[Information supplied]:
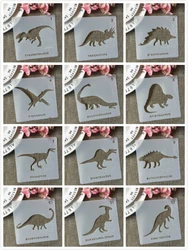 12Pcs/Set 13cm Dinosaur 12 Collection DIY Layering Stencils Painting Scrapbook Coloring Embossing Album Decorative Template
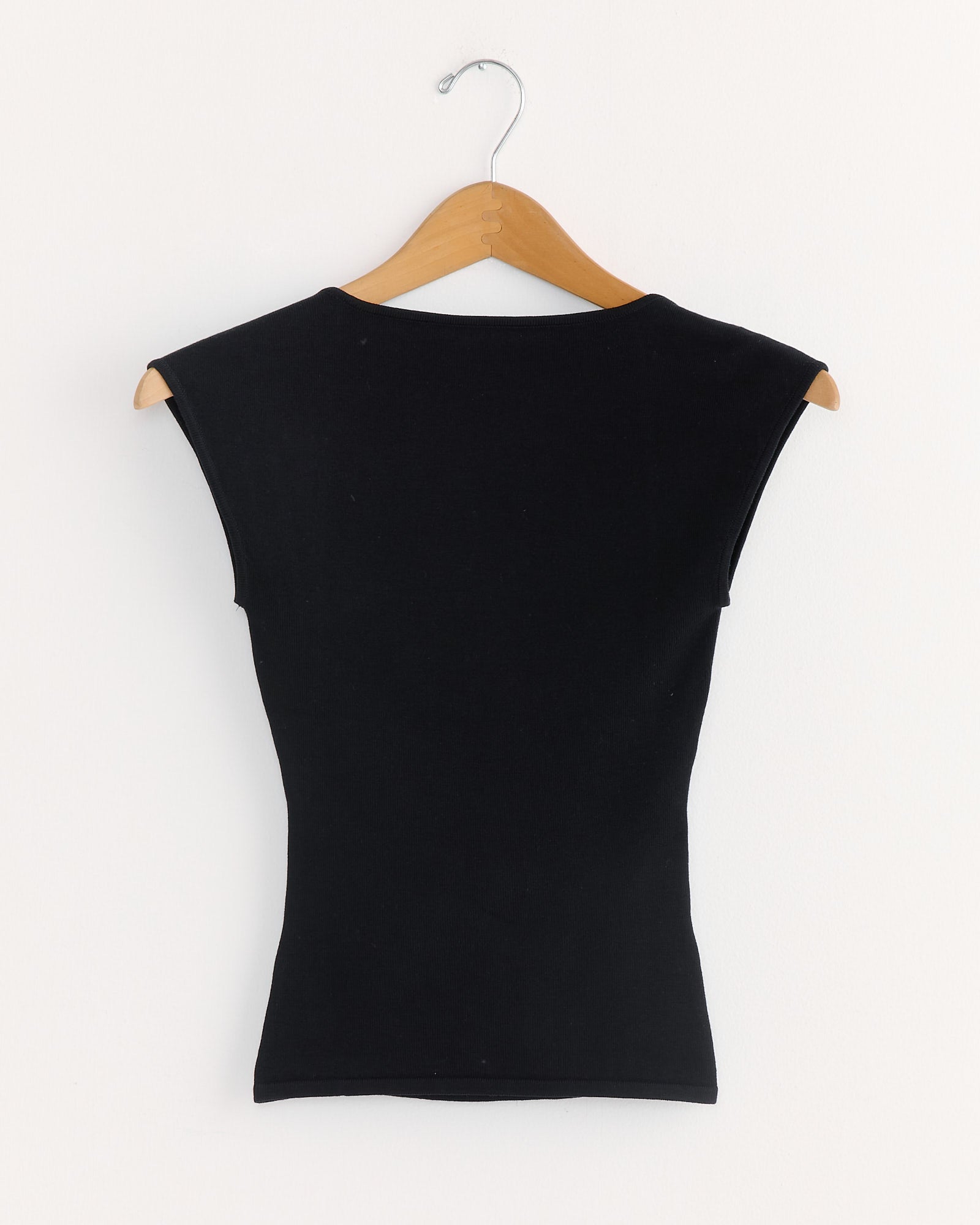 Sculpted Ballet Knit Top in Black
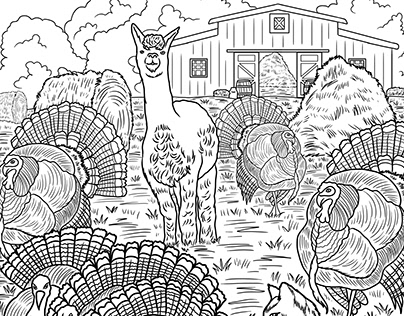 Down on the Farm | Adult Coloring Book Illustration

[Problem]:
Copy all the material exactly; omit images.

[Solution to this exercise]:
 12Pcs/Set 13cm Dinosaur 12 Collection DIY Layering Stencils Painting Scrapbook Coloring Embossing Album Decorative Template
 Sculpted Ballet Knit Top in Black
 Down on the Farm | Adult Coloring Book Illustration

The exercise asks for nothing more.